Jordan: People embraced Lug Tread. Instant fans were born. What was it like to keep up with the demand?
Tim: For years it was a challenge.
Phil: It was a long weekend and we’d just gotten the growlers for the retail store. In the early days a Herculean effort on the part of one person could be the difference between a long weekend being a success or a failure.
Steve spent three nights awake filling the growlers (or ceramics) on the two-head filler. We used to have these old six-foot wide, 12-foot long buggies from the textile company.
Dad and I come in and he’s on auto-pilot. He’s done. We said ‘Steve, we think you’d better take a break,’ and offered to take over. I remember he mumbled something about moving the buggy, then goes to push the buggy and it goes right into the gutter. We actually recovered quite a bit.
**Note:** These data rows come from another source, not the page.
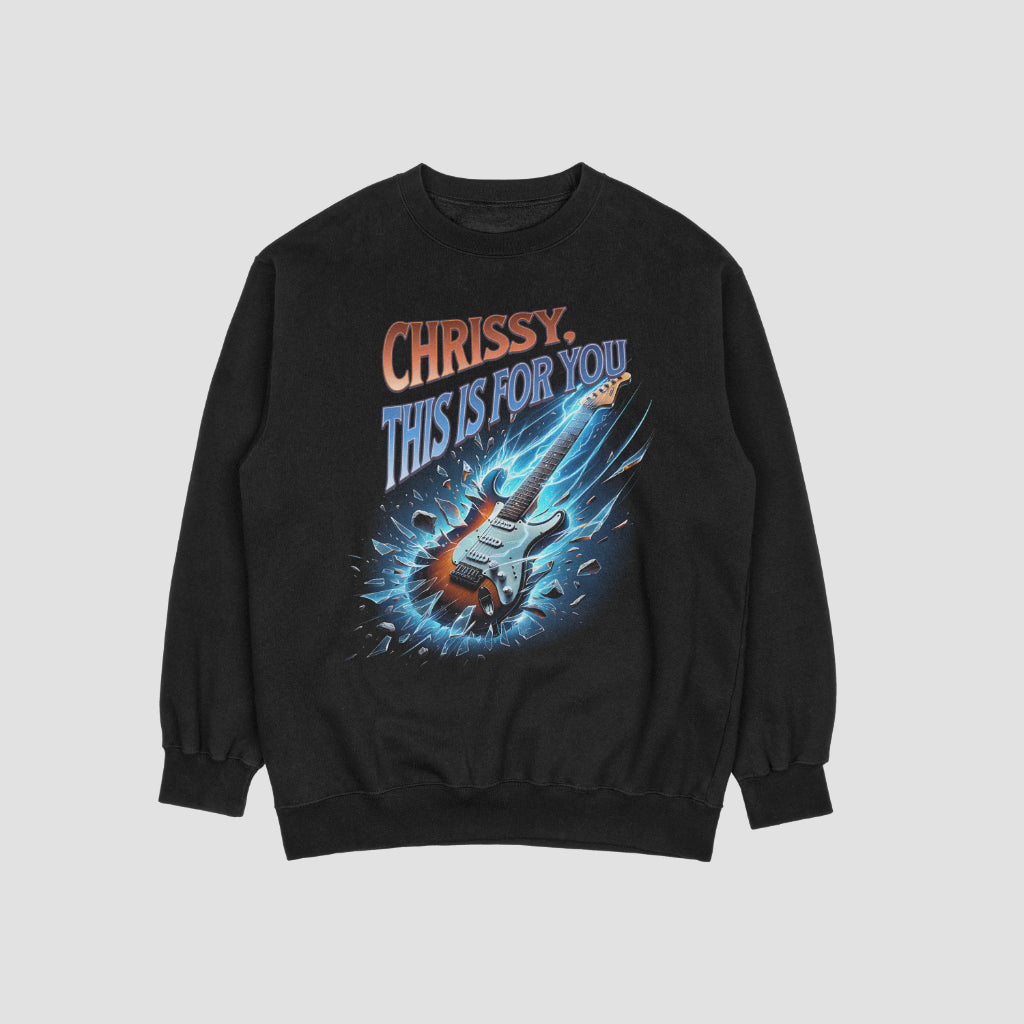 Chrissy, This is For You - T-shirt/Crewneck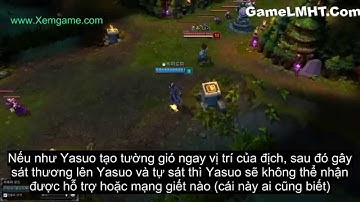 Kỹ năng tường gió của Yasuo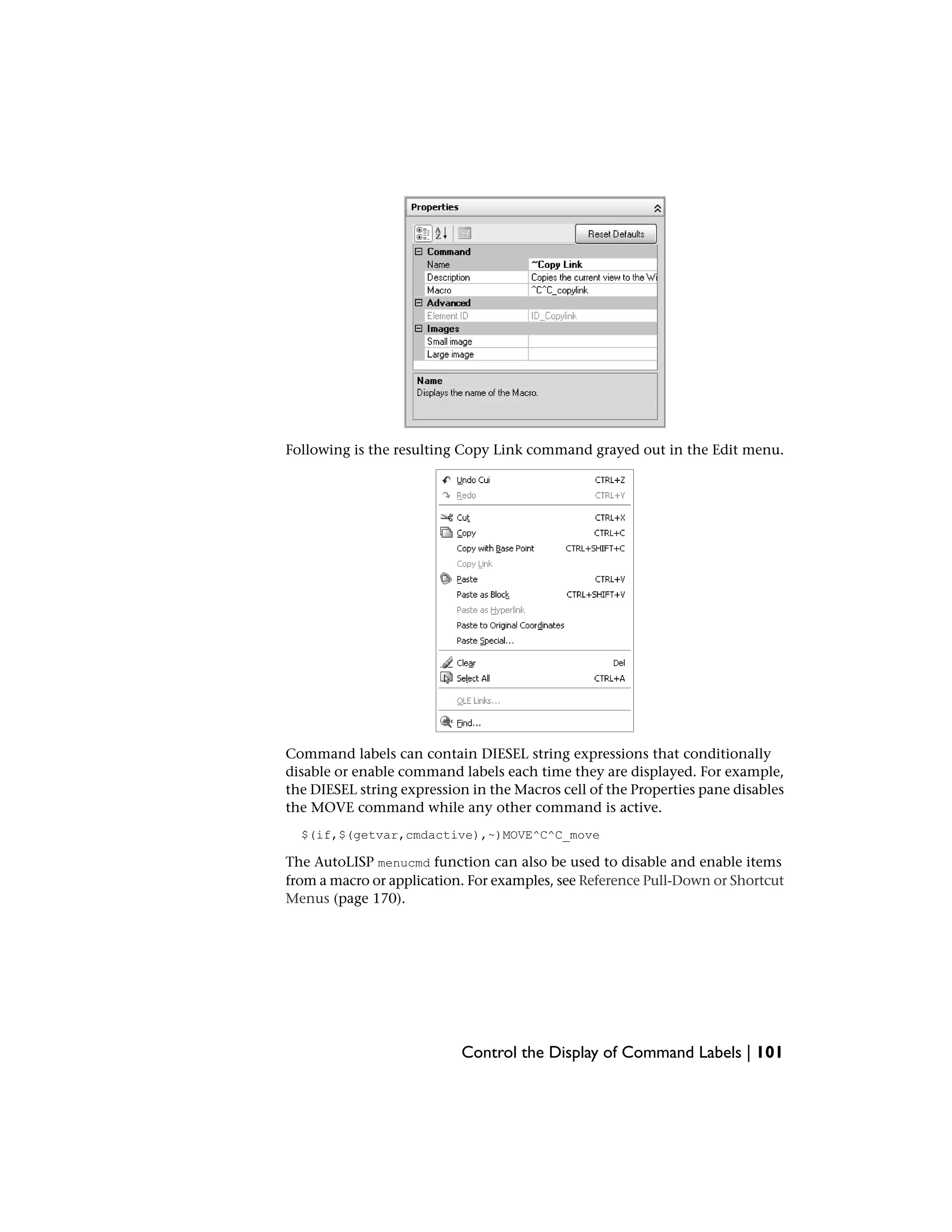 Following is the resulting Copy Link command grayed out in the Edit menu.
Command labels can contain DIESEL string expressions that conditionally
disable or enable command labels each time they are displayed. For example,
the DIESEL string expression in the Macros cell of the Properties pane disables
the MOVE command while any other command is active.
$(if,$(getvar,cmdactive),~)MOVE^C^C_move
The AutoLISP menucmd function can also be used to disable and enable items
from a macro or application. For examples, see Reference Pull-Down or Shortcut
Menus (page 170).
Control the Display of Command Labels | 101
Tim: Steve stomped out, and then Phil went on the loudspeaker and announced something about a new record of bottles being broken all at once…..
Phil: To think about now vs. then. Especially the first few years. We would sell out a batch and say ‘Is there anything we can do to have the next batch ready?’ Now we have capacity to hold hundreds of thousands of litres at a time—and we sold 32,000 litres our first full year. You’d just be out of beer!